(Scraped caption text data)
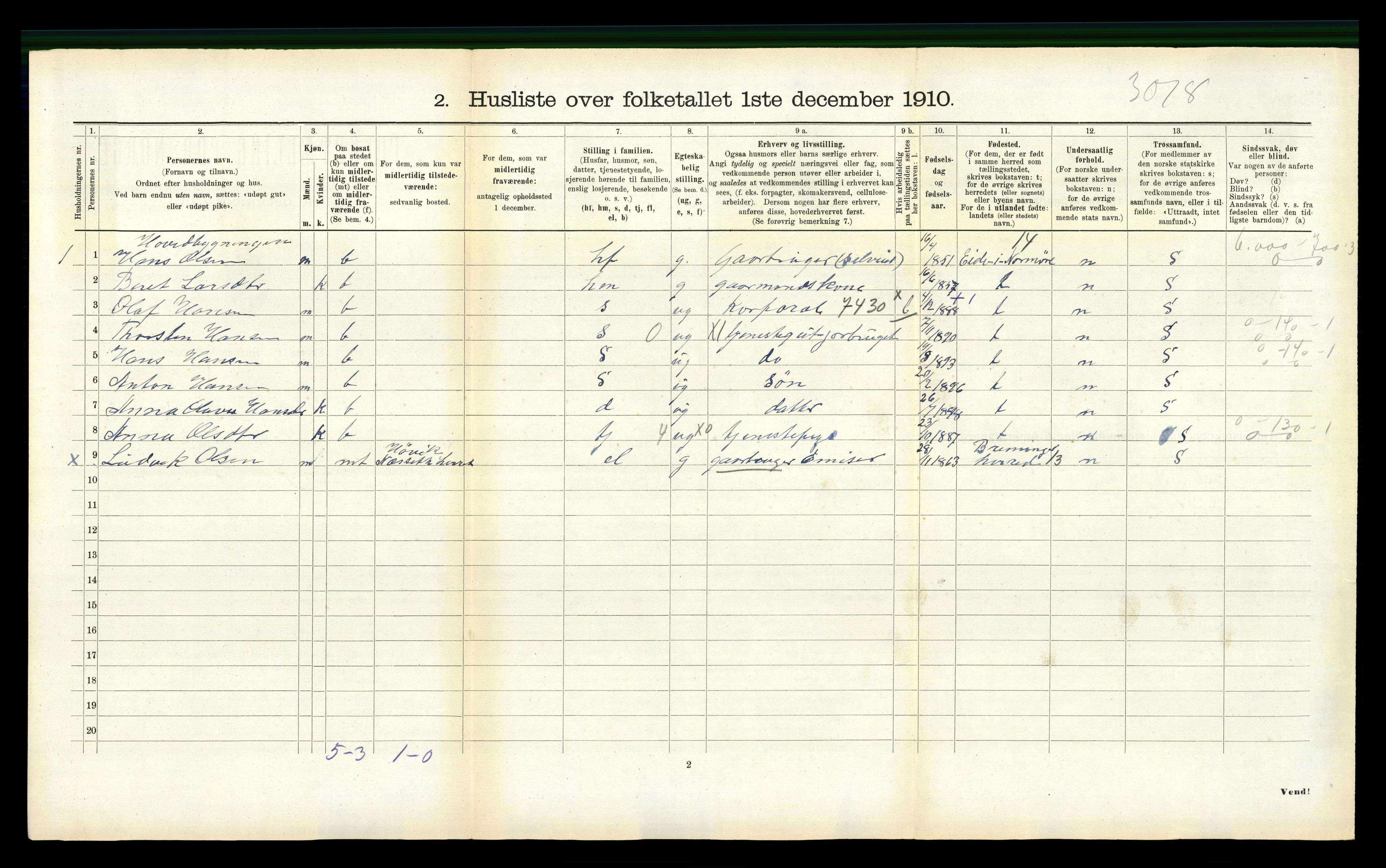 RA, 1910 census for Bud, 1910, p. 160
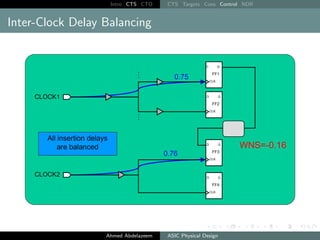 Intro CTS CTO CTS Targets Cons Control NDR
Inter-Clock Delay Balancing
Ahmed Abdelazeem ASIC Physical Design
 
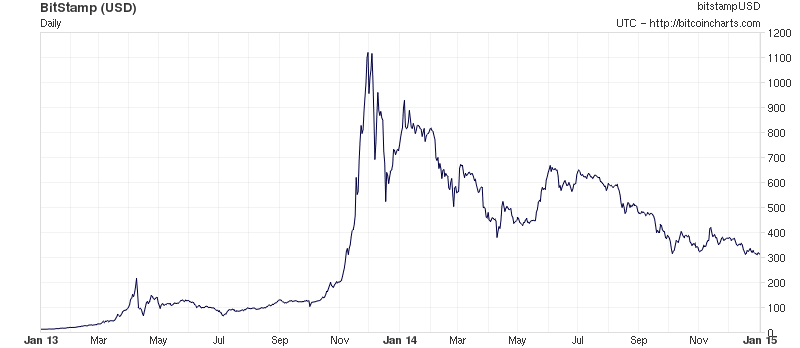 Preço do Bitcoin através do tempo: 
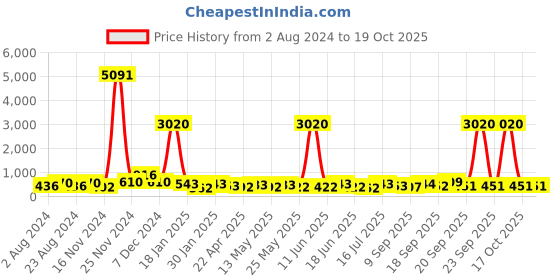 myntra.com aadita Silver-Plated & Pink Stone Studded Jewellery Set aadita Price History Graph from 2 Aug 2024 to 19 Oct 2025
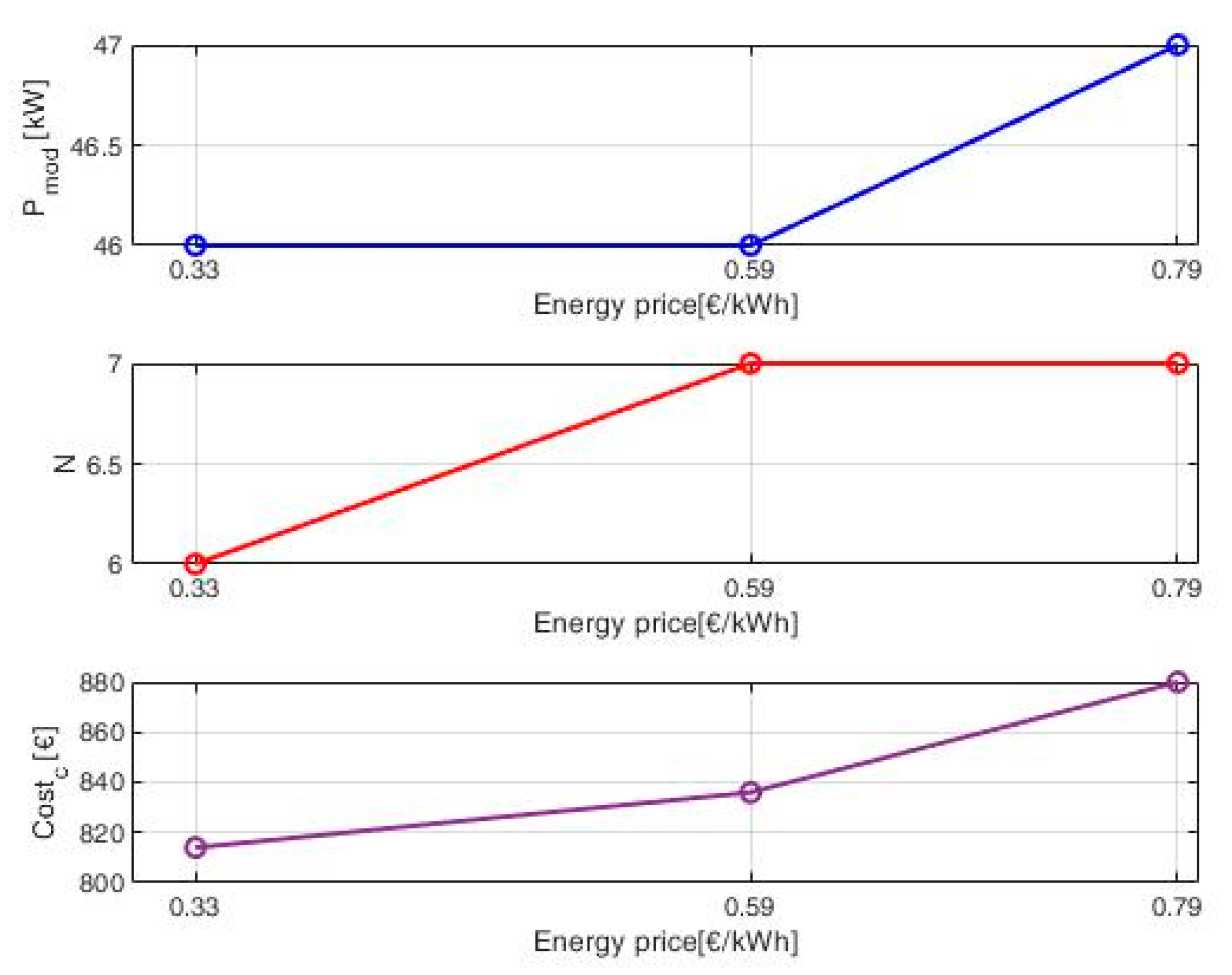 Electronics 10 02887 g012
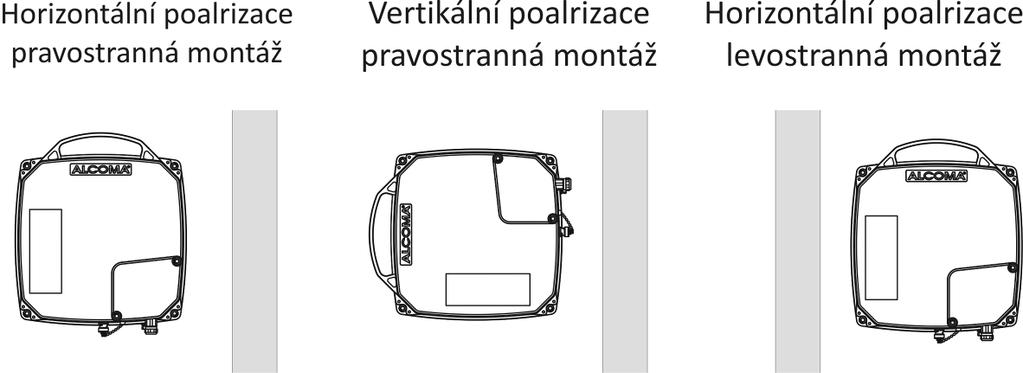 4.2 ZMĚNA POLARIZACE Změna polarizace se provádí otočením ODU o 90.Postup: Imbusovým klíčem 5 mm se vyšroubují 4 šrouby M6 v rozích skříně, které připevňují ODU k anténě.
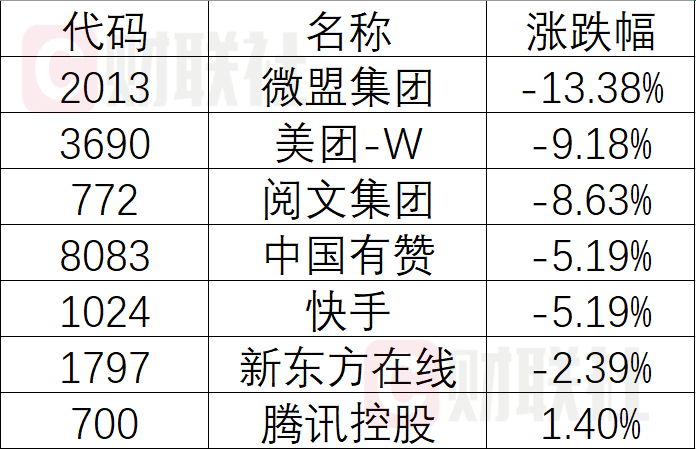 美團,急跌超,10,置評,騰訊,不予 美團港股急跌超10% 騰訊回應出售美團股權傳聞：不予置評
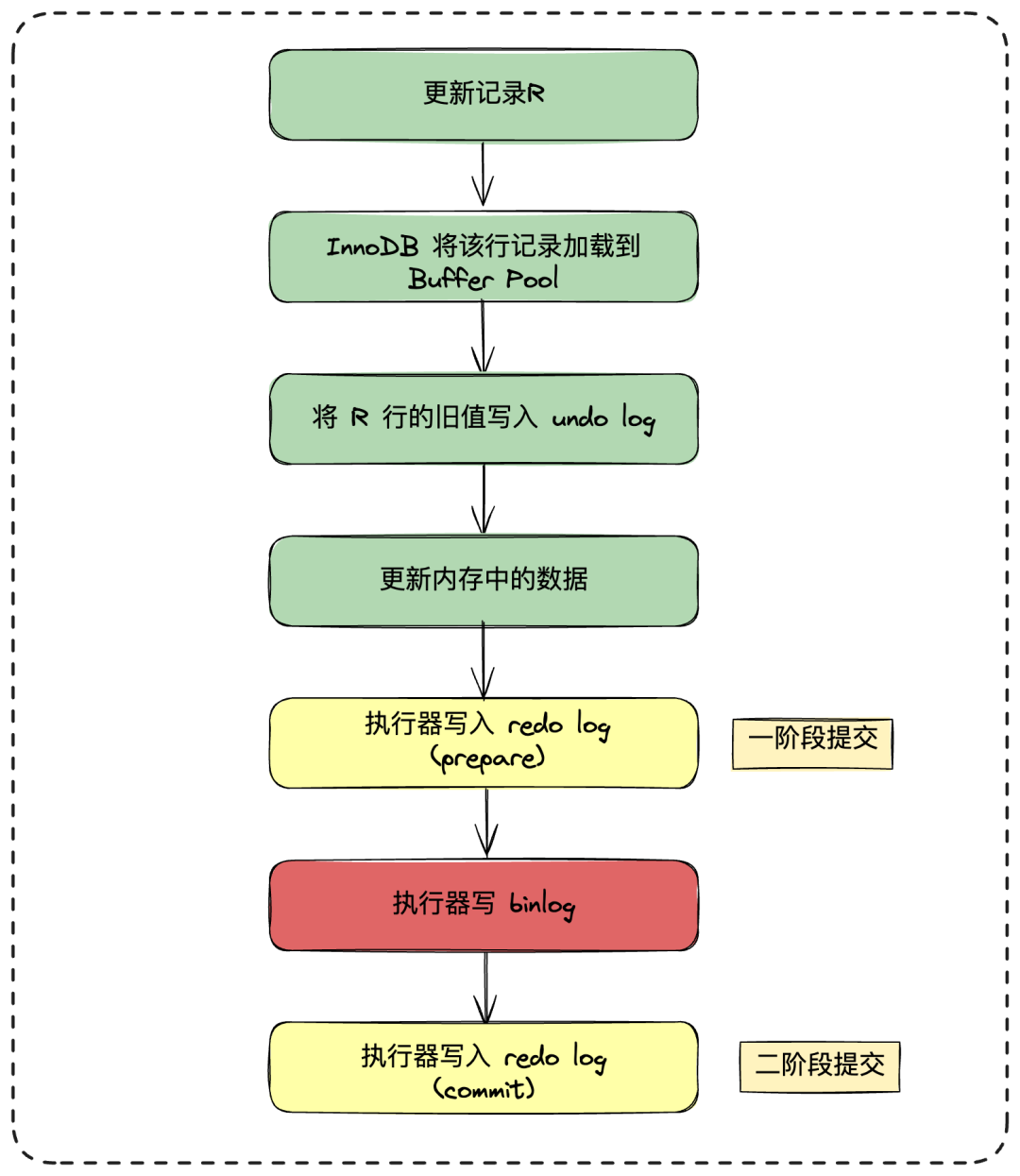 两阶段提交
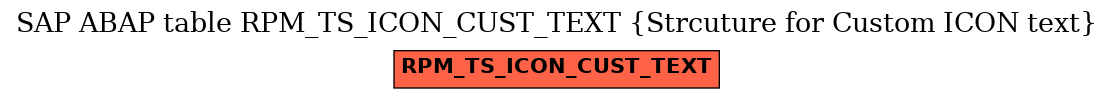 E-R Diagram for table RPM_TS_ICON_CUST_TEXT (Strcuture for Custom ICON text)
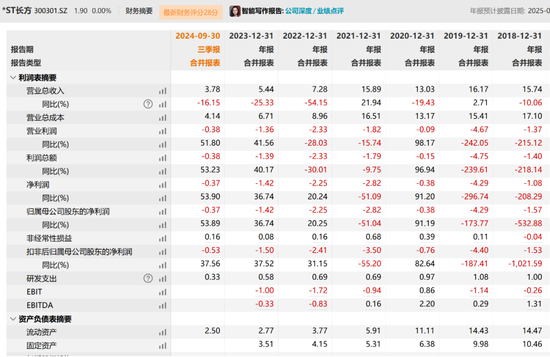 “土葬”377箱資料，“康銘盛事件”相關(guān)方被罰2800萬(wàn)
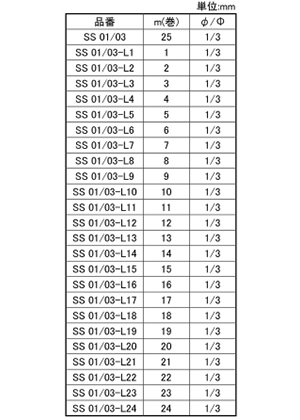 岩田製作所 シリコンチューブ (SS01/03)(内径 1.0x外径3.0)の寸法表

## AIM OF THE EXERCISE
Give back exactly the lines from the first line of the data through the line with "4.2 ZMĚNA POLARIZACE", pictures excluded.

## REPLY
 RA, 1910 census for Bud, 1910, p. 160
 Intro CTS CTO CTS Targets Cons Control NDR
Inter-Clock Delay Balancing
Ahmed Abdelazeem ASIC Physical Design
 
 Preço do Bitcoin através do tempo: 
 myntra.com aadita Silver-Plated & Pink Stone Studded Jewellery Set aadita Price History Graph from 2 Aug 2024 to 19 Oct 2025
 Electronics 10 02887 g012
 4.2 ZMĚNA POLARIZACE Změna polarizace se provádí otočením ODU o 90.Postup: Imbusovým klíčem 5 mm se vyšroubují 4 šrouby M6 v rozích skříně, které připevňují ODU k anténě.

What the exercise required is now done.